This is probably one of the most unexpected and exciting making-of I’ve seen, and if you’re only going to read this one sentence, I’ll make it crystal clear: I think every filmmaker and every actor should watch it.
‘The Two Faces of January‘ is an adaptation from Patricia Highsmith crime novel, written and directed by Hossein Amini (Drive, Snow White and the Huntsmen, The Wings of the Dove). Amini’s brother, Hassan Amini, took it upon himself to shoot a making-of but with a very different take on the genre.
Along with John Lopez, Hassan Amini followed the full production of ‘The Two Faces of January‘, shooting behind-the-scenes in a cinema vérité style: almost no interviews, a chronological narration that intercuts footage on set with final scenes from the movie, the whole thing brilliantly edited over the film’s score.
It took me a while to click on the video link Amini sent me because I was genuinely scared of its running time. After 3 minutes in, I was hooked, 5 minutes in and I had to stop to email Amini and ask him if I could share it and if he would agree to write about his experience. I finished the full making-of with the wonder in the eyes, and I have a feeling some of you might fell under the spell too.
Hassan Amini on ‘The Two Faces of January’s Making-of:
“In 2012 my brother started production on his directorial debut ‘The Two Faces of January’.

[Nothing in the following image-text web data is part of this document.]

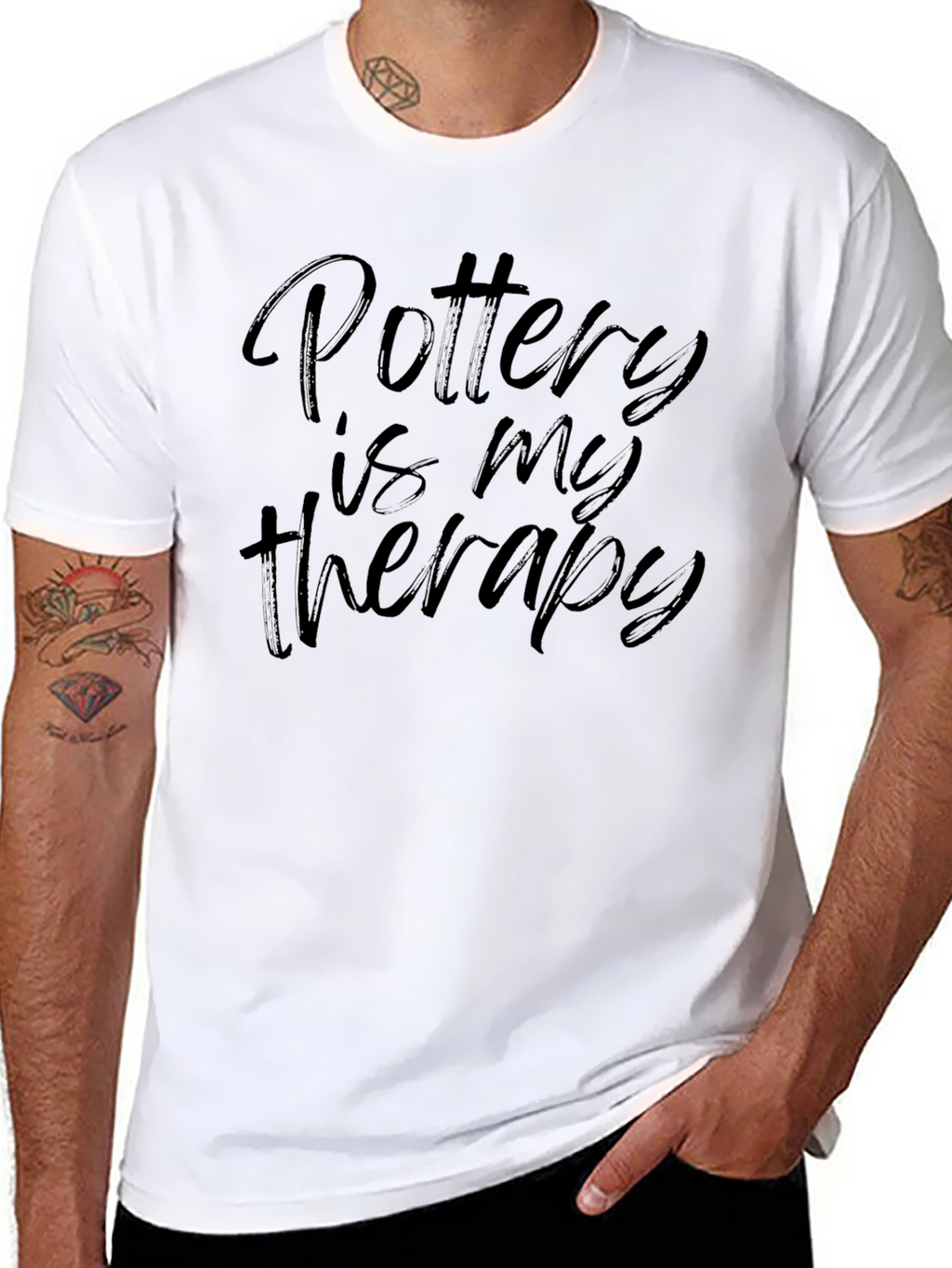 Pottery is My Therapy T-Shirt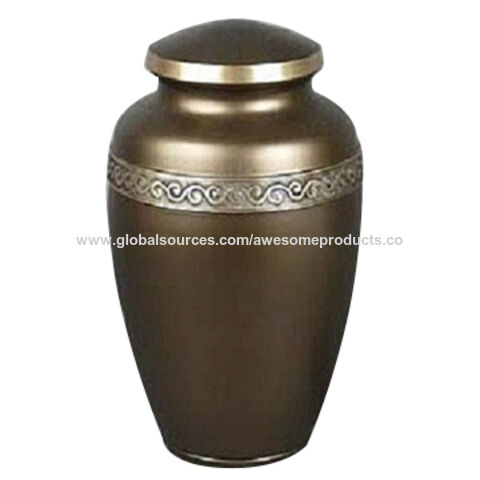 India Brass Cremation Urns For Ashes Funeral Urns On Global Sources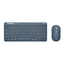 Tastatură + Mouse Wireless Trust Lyra Multi-Device / BT5.0 / Blue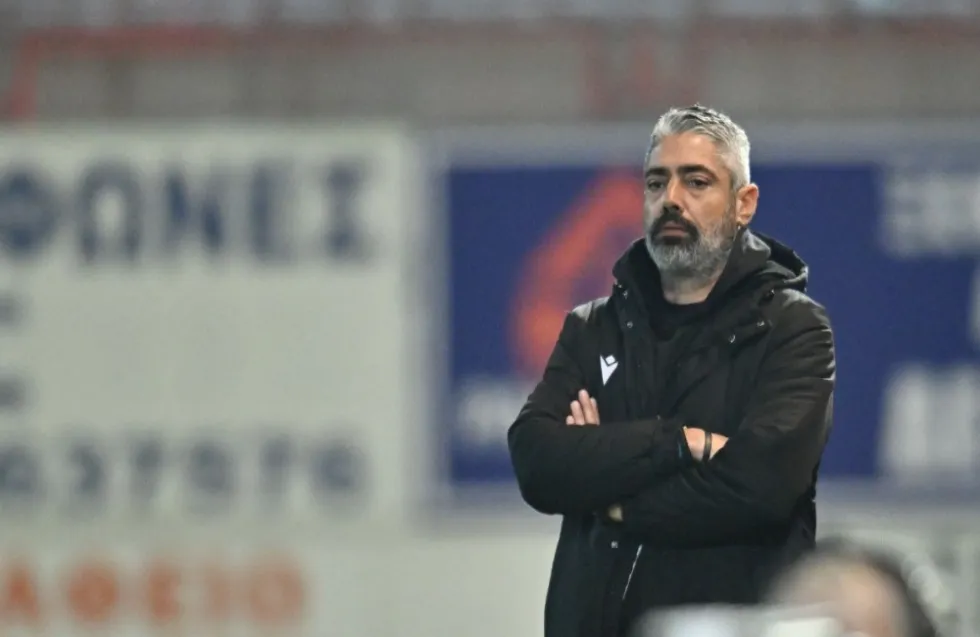 Γαρπόζης: «Θα είμαστε καλύτεροι στη συνέχεια»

The shoot was scheduled to last over fifty days with over half of it shot on location in Greece and Turkey. I went along to offer moral support and help save money by shooting the b-roll.
I’ve always been a fan of behind the scenes docs and here was my chance to make one.

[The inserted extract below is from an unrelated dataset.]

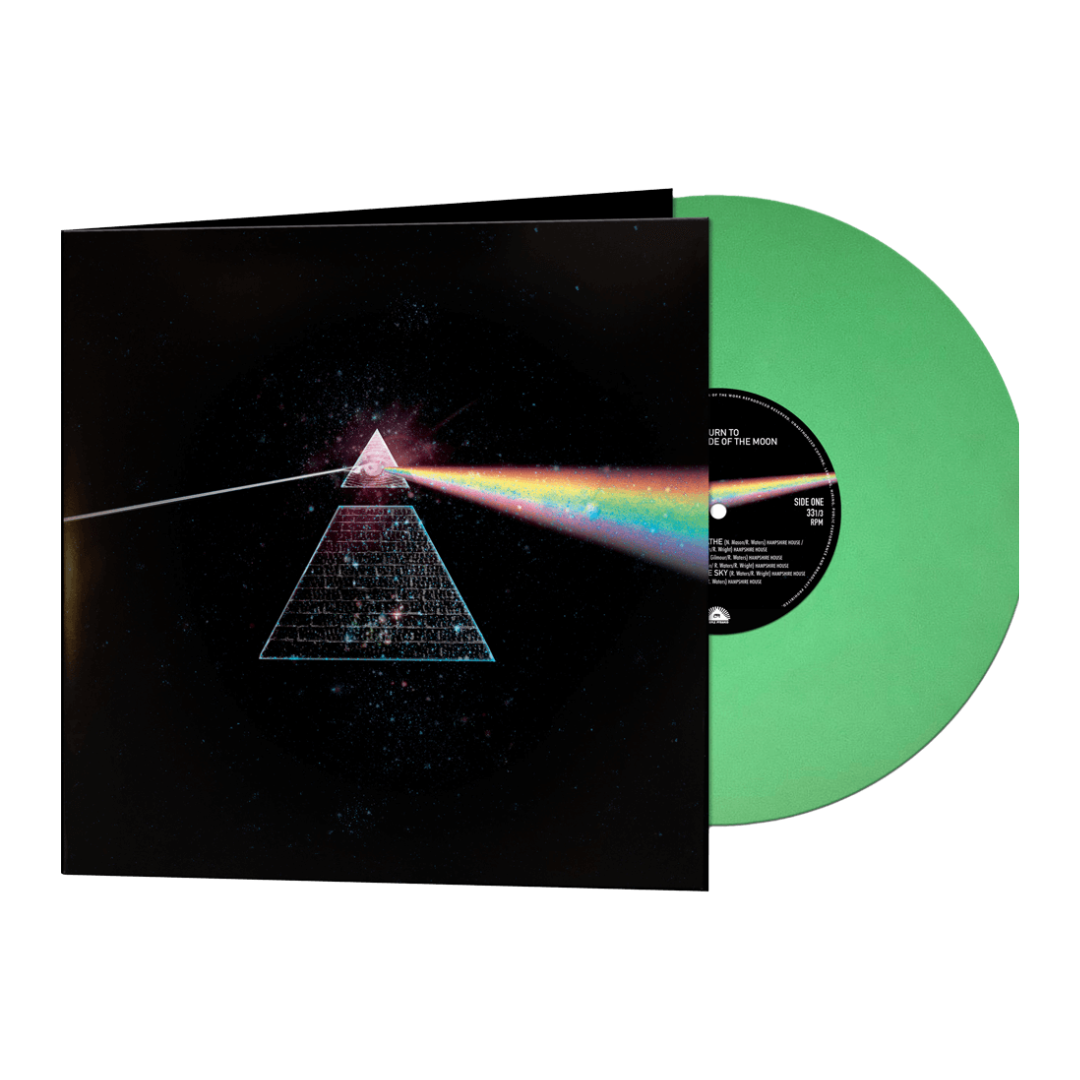 Various Artists - Return To The Dark Side Of The Moon [Phosphorescent Green] [ Vinyl ]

Since my job was to shoot the b-roll I decided to film as much of the mechanics of the scenes as I could and then structure the doc around the film’s most basic narrative. Or that was the intention anyway.
‘The Two Faces of January’ is a road movie so the constantly changing locations were a great help in trying to tell each scene differently. Every day there were new problems to solve against the most epic backdrops. (For anyone who hasn’t been to Crete I recommend it.)
Alberto Inglesias‘ score was inspiring, and the crew, the talent and my brother were all very generous to put up with me. The ADs will testify that I was a pain in the a***.
The project was shot on a single Panasonic GH2 by either myself or fellow filmmaker, John Lopez.
The rest of the kit consisted of a video tripod, a $30 shoulder stabilizer (useful but makes you look slightly ridiculous) and a bunch of slow and fast lenses, ranging from 20mm to 300mm.
For sound, we used a Beachtek box with an XLR Shotgun mic which was not entirely suitable and churned through batteries.
Below, for educational purposes only, is the result…”
What I LOVE about this making-of is that it captures so well the level of choreography that is involved in filmmaking. It’s one thing to know that everybody has a position and a function on a set, it’s another thing entirely to see it applied over time and on different locations at a certain scale, in front of your eyes.
And just like in a ballet, everybody evolves around the lead dancers, in lieu, Viggo Mortensen, Kirsten Dunst and Oscar Isaac. In ‘The Two Faces of January‘ making-of you basically get to be the silent mouse watching actors dealing with a wide range of scenes (from intimate to violent to crowded etc.), and a film being made.
I feel there is nothing I can say that will convey my enthusiasm for this making-of, so I’ll finish with this: watch the first 5 minutes, and if you find it boring, close the tab and voila.